FBI agents and Miami-Dade public-corruption investigators Thursday began interviewing sitting county officials, former judicial candidates and even elected judges about Hialeah’s growing absentee-ballot scandal.
The interviews come just days after several former judicial candidates told El Nuevo Herald that they were appalled by the number of offers they received from so-called boleteros, or ballot brokers, as they campaigned for the Aug. 14 elections, and almost two months after authorities discovered a suspicious bundle of 164 absentee ballots in a Northwest Miami-Dade mailbox.
County Commissioner Esteban Bovo met with prosecutors Thursday to speak about his former aide, Anamary Pedrosa, who collected the 164 ballots in his Hialeah office.
“They didn’t call me. I came on my own,” he said.
In the past week, several former judicial candidates — who both won and lost their respective races — have told El Nuevo Herald similar stories about how boleteros offered ballots in exchange for money, sometimes explicitly.
On Thursday, many of those candidates said they had been approached or interviewed by federal or local agents.
Lourdes Cambó, a labor attorney who lost her race, said she was interviewed by investigators from a law enforcement agency that she declined to name. She said they told her they were looking for ways “to prevent the tampering of absentee ballots in the future.”
Another former judicial candidate who asked not be identified said he was approached by the FBI.
An FBI spokesman in Miami said he could not confirm or deny the existence of a federal investigation. However, at least two candidates said they had been contacted by FBI agents on Thursday.
Officials from the Miami-Dade State Attorney’s Office in Miami did not comment. State Attorney Katherine Fernández Rundle has said she would ask a grand jury to look into absentee-ballot fraud, and has convened a multi-agency task force to combat electoral fraud.
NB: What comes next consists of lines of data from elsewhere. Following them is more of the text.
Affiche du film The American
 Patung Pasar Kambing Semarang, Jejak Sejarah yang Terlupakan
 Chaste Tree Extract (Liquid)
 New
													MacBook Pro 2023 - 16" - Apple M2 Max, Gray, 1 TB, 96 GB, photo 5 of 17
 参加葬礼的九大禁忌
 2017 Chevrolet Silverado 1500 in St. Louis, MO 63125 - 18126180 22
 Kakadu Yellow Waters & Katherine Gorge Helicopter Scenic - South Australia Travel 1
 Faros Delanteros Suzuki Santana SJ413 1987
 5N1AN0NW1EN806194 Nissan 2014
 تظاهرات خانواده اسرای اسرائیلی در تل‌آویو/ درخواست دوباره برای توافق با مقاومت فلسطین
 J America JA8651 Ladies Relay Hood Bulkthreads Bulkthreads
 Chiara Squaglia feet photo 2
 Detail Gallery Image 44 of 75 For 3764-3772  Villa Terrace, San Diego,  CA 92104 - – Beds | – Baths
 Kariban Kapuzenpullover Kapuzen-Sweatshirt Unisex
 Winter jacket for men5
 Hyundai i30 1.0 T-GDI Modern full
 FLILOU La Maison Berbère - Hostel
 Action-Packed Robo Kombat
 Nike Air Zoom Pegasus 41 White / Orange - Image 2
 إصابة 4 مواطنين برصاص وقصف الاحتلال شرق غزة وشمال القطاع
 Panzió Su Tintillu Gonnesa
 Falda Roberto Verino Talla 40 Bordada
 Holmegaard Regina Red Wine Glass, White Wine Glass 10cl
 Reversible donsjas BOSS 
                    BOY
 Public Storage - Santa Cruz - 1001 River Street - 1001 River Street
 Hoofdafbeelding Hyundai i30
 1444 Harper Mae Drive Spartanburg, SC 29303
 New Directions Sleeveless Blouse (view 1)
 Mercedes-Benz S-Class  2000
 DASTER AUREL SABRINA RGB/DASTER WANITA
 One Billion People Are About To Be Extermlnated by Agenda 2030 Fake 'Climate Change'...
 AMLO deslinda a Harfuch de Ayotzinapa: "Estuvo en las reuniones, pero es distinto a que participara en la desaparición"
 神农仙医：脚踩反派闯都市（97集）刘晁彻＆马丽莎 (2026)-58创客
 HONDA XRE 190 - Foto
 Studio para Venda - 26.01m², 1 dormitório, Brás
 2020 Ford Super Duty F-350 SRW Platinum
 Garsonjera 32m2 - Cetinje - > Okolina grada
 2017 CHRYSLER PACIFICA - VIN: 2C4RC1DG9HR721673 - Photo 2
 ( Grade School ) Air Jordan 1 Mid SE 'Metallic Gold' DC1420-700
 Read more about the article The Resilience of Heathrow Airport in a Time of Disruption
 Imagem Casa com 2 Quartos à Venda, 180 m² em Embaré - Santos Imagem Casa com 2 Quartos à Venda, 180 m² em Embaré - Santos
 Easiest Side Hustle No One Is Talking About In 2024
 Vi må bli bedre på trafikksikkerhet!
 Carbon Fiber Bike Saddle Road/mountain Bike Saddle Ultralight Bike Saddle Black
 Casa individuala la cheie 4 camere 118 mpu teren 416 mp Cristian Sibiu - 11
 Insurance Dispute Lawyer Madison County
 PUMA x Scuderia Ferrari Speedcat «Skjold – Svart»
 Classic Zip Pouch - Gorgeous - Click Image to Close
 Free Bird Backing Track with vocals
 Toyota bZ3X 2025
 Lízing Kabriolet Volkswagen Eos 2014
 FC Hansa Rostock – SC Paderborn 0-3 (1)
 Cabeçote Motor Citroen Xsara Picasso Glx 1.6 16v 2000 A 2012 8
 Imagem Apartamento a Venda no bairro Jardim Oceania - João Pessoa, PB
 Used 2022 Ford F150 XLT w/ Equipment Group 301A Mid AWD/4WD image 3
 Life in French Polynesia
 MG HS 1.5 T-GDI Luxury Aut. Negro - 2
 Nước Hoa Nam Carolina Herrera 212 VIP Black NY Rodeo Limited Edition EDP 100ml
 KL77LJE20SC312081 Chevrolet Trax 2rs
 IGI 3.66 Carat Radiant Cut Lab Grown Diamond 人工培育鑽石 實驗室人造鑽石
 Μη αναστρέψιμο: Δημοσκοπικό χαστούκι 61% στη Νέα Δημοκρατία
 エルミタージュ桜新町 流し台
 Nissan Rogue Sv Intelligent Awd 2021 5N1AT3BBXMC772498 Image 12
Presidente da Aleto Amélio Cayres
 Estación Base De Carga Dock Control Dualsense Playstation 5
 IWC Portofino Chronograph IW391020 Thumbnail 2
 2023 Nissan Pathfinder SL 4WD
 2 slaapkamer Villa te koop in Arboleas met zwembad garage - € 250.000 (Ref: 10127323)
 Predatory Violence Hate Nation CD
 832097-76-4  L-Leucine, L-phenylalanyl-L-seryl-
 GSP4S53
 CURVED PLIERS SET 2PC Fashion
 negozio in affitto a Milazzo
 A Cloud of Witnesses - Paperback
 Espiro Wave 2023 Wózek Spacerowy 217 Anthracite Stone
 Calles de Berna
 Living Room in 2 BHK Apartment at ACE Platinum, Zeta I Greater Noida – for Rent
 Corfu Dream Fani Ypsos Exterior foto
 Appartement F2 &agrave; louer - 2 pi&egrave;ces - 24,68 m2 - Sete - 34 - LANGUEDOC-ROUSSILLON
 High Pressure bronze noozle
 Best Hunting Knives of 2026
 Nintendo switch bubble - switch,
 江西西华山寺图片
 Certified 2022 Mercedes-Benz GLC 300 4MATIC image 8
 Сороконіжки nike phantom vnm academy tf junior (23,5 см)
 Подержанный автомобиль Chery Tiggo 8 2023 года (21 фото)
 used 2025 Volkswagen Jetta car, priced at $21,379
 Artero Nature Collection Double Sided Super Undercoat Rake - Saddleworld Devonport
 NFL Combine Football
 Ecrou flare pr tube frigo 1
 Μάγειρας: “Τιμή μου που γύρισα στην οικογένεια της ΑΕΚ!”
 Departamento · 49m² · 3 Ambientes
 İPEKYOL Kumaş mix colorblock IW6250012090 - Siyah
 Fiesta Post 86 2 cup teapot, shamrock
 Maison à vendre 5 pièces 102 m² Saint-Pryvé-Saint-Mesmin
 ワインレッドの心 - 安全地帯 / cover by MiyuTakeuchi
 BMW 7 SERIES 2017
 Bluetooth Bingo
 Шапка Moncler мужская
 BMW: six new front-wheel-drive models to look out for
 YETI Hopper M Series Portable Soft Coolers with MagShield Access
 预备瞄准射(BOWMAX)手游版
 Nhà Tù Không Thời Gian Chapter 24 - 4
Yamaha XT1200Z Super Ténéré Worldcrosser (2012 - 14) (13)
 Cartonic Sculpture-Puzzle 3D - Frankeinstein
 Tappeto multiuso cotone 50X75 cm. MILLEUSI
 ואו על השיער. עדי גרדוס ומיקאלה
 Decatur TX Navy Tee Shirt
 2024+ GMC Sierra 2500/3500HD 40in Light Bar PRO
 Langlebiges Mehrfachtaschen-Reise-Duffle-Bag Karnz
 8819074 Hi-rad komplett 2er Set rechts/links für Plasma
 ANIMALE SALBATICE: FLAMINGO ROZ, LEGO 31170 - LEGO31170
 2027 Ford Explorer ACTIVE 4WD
Public-corruption prosecutors have also reached out to elected judges to ask why they didn’t report suspicious ballot-fraud activities during their own campaigns.
Last week, Cambó told El Nuevo Herald that one woman promised to deliver votes in exchange for $1,500. Attorney Diana González, who won her judgeship election, explained how she would feign distraction to avoid confrontations with persistent ballot brokers.
Another attorney who won her race, María Elena Verde, told of one campaign stop where a woman said she had been filling out ballots that very morning.
Cambó, González and Verde all said they rejected the offers but did not report the incidents to authorities.
“I never really thought to reach out to authorities because I was in such shock,” Cambó said. “The [ballot brokers] finally stopped bothering me when they saw they weren’t going to convince me.”
Thursday afternoon, a half-dozen reporters were waiting for Bovo when he arrived at the state attorney’s office to meet with prosecutors.
Last week, Bovo revealed that he had known since early July of an allegation that his then-aide, Pedrosa, had offered boletero services to judicial candidates.
Bovo has said that Pedrosa denied the accusation and assured him that several judicial candidates had sought her help with their campaigns.